Lean Innovation case studies

Client: a-n Artist Information Company

Name: Mark Adamson / Justin Souter

Duration: 6 months

Summary:

a-n are a long-standing and well-regarded digital publishing/membership company with over 20,000 members and subscribers nationally. Founded in 1980, they have successfully operated in their specialist field developing a strong and trusted brand. a-n is a distributed organization with offices in Newcastle and London and staff based remotely around the UK and in Europe.

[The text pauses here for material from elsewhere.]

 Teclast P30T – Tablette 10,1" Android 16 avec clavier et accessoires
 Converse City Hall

a-n required external expertise and capacity to strategically analyze their operational culture and suite of products and services with a specific brief to identify and develop new income opportunities and exploitation of own-IP assets to grow the company, using Lean Start-Up/Innovation tools and techniques.

Work delivered:

a-n’s core proposition is based on providing a range of services focusing on the professional environment for the visual arts, bringing together artists, art students, producers, arts professionals, researchers, arts organisations and universities. They enjoy active membership engagement and, as part of their strategy, have partnered with third parties to support their members on the provision of services – this includes, by way of example, the development and roll-out of a specialist insurance product for artists.

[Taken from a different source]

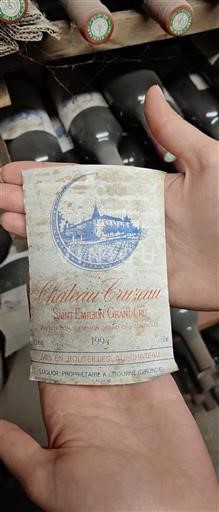 Bordeaux Saint-Émilion Grand Cru Château Cruzeau 1994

a-n have a well-developed web platform and wished to explore the viability and opportunity to fast-test potential new products and services, recognizing the need to innovate to a) remain competitive in a fast-changing market and b) provide ongoing relevance and value to their customers. They also, however, recognized the need to manage new product development in a manner that fitted the make-up and culture of the team, and also limited risk given limited assets and resources (time, money, people) requiring robust routes to test and evaluate ideas and prioritize resources accordingly.

Core elements of the work therefore included:

  • Examination of a-n’s own business model, using the Value Proposition Canvas and Empathy Map to help generate a shared understanding of a-n’s customer segments.
  • Introduction to and development of a current and future Business Model Canvas for the organization with all team members contributing input and analysis.
  • Specific ‘learning to do’ topics included: Business Models, patterns, iterating; Measurement / Actionable metrics; Lean UX / product management; Customer development, customer interviews; and, Core Lean Startup concepts such as Minimum Viable Products (MVPs).
  • Flexible and accessible approach to learning, development and deployment for staff using materials including videos, free online training courses, participatory exercises, books, articles / blog posts; and, feedback session to complement the training activities and give a-n team members a chance to reflect together on emerging insights.
  • Identification of potential new products and services, routes to test and introduce, identification of key partners and resources. Presentation to a-n Board for adoption and implementation.

Outcomes:

  • New innovation culture supported by flexible tools and processes embedded in organization.
  • New methods to engage, test and evaluate customers.
  • Introduction to and engagement with new partners.
  • Identification of potential new/future products and services.

Client: Durham County Council

Name: Justin Souter

Duration: 9 months

Summary:

I delivered a series of workshops based on the Lean Startup framework to help members of the Durham County Council ICT department become more innovative and ‘intrapreneurial’ – to translate into greater commercial awareness and thinking.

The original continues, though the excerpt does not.